Data supplied Block Start
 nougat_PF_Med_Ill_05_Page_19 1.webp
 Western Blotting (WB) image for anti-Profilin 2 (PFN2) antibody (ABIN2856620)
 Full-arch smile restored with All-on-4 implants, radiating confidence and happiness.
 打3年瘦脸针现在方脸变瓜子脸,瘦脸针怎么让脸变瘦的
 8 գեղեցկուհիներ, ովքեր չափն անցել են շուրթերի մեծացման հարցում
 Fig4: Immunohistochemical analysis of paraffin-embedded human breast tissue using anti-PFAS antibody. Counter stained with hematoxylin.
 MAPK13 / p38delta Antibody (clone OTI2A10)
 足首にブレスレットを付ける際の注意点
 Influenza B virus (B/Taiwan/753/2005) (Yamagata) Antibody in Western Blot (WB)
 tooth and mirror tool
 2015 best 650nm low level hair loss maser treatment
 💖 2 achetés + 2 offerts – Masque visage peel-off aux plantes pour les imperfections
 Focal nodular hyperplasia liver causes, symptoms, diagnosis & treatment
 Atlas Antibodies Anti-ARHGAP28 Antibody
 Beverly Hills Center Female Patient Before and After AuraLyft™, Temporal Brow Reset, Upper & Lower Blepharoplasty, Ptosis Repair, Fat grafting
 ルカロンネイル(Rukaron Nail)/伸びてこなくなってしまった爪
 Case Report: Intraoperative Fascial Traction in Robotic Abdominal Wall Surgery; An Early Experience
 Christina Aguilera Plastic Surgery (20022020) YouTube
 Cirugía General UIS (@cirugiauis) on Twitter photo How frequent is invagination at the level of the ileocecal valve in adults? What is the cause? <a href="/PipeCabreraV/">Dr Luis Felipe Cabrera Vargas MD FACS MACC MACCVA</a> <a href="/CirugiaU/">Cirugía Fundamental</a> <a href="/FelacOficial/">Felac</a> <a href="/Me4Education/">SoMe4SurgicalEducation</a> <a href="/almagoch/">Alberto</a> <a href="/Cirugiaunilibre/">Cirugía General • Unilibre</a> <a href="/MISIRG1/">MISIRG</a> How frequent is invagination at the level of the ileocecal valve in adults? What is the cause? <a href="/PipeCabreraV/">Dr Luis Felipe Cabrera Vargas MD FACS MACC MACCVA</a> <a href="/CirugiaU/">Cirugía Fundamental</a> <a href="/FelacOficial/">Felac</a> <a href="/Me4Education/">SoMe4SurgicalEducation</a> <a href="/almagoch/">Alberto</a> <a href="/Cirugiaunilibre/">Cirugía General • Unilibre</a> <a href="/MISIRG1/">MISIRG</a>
Data supplied Block End
Task to carry out:
Would you copy, word for word, only the lines from the start of the listing to the one that contains "8 գեղեցկուհիներ, ովքեր", both included?

Solved exercise:
 nougat_PF_Med_Ill_05_Page_19 1.webp
 Western Blotting (WB) image for anti-Profilin 2 (PFN2) antibody (ABIN2856620)
 Full-arch smile restored with All-on-4 implants, radiating confidence and happiness.
 打3年瘦脸针现在方脸变瓜子脸,瘦脸针怎么让脸变瘦的
 8 գեղեցկուհիներ, ովքեր չափն անցել են շուրթերի մեծացման հարցում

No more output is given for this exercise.